In July 1996, the Lake County District Attorney filed a complaint charging Gonzales with selling cocaine (Health & Saf. Code, § 11352, subd. (a)), based on a May 17, 1996 sale of 0.16 grams of base cocaine to an undercover officer. Gonzales pled guilty to the offense as charged and was released on his own recognizance. In a presentencing report, the probation department wrote that Gonzales was eligible for probation but recommended that he be sentenced to “the upper term of three (3) years.” In fact, a violation of Health and Safety Code section 11352, subdivision (a), was at all times relevant to this appeal punishable by three, four, or five years in prison. (Health & Saf. Code, § 11352, subd. (a); Stats. 1976, ch. 1139, § 67, pp. 5079-5080.) Gonzales failed to appear for sentencing on November 21, 1996, and a bench warrant was issued for his arrest.
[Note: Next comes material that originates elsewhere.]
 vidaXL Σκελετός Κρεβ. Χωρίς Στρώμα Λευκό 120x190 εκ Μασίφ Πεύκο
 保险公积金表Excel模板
On March 24, 2000, Gonzales called the court and asked that the matter be placed on calendar for sentencing. A sentencing hearing was scheduled for March 30, but Gonzales did not appear.
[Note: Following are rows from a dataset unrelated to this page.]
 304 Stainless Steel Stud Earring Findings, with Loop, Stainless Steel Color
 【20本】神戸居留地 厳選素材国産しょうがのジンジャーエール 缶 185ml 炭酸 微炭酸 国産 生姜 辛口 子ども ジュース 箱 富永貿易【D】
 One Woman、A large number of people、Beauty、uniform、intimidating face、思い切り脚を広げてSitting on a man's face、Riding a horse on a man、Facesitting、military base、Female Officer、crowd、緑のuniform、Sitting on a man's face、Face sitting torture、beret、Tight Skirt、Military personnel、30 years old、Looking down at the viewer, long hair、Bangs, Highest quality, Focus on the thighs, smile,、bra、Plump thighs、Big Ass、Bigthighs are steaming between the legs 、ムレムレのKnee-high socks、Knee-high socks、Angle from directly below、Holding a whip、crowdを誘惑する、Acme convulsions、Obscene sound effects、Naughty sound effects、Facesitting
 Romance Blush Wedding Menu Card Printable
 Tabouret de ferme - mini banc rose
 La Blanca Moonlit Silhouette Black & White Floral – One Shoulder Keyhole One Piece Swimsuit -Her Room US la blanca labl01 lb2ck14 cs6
On January 20, 2002, Gonzales turned himself in. A supplemental probation report was ordered, and the matter was set for sentencing. The supplemental report stated that Gonzales was working as a construction laborer, supporting four children, and reportedly no longer using drugs. He acknowledged that he had exercised poor judgment in selling cocaine and said he had greatly matured since he committed the offense. The report recommended a grant of probation. At the February 22 sentencing hearing, the court suspended imposition of sentence and placed Gonzales on probation for three years.

On October 30, 2003, the probation department reported a violation of Gonzales’s probation. In Alameda County Superior Court, Gonzales had pled no contest to being a felon in possession of a firearm (Pen. Code, § 12021, subd. (a)(1)). Pursuant to a plea agreement, he was granted five years probation for that offense on the condition he serve 180 days in county jail through the work furlough program. On November 10, 2003, the Lake County Superior Court summarily revoked Gonzales’s probation and issued a warrant for Gonzales’s arrest.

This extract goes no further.